**Your task**
All of the data, except its images, should be set down exactly as it appears.

**Data extract**
↓↓↓
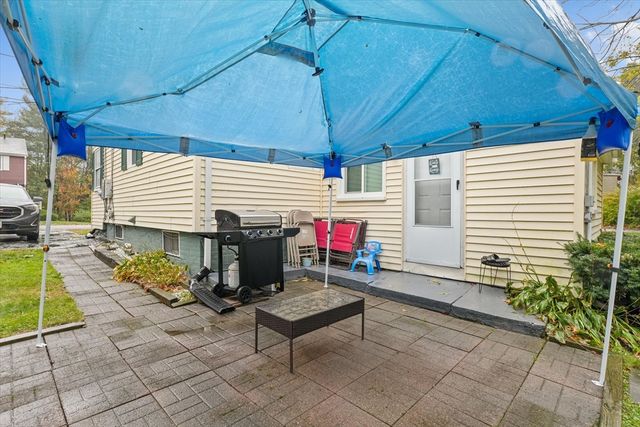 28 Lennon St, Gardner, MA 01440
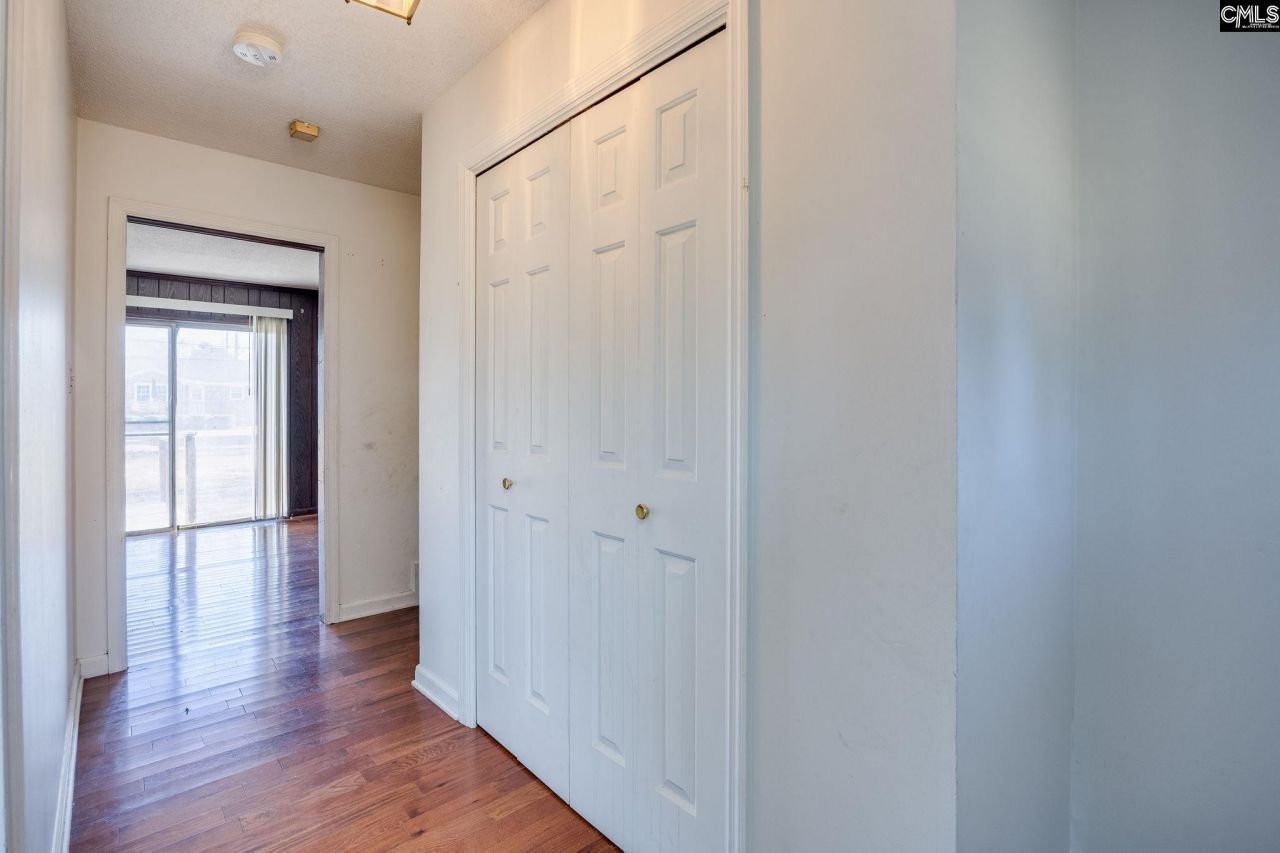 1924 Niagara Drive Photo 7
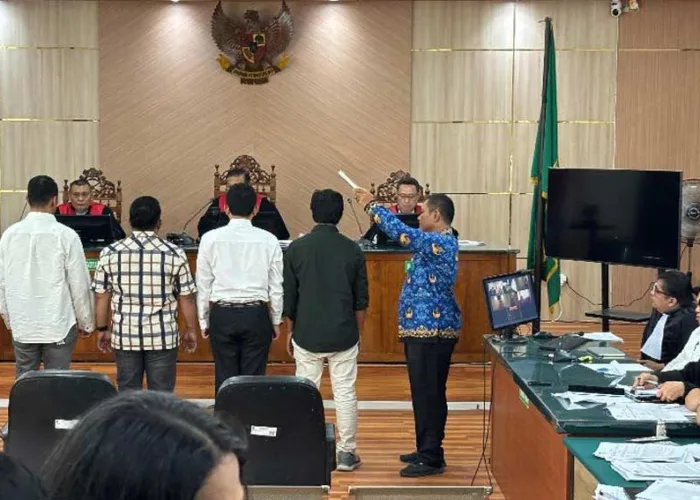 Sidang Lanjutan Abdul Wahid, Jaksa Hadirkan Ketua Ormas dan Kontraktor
↑↑↑
**Completed exercise**
 28 Lennon St, Gardner, MA 01440
 1924 Niagara Drive Photo 7
 Sidang Lanjutan Abdul Wahid, Jaksa Hadirkan Ketua Ormas dan Kontraktor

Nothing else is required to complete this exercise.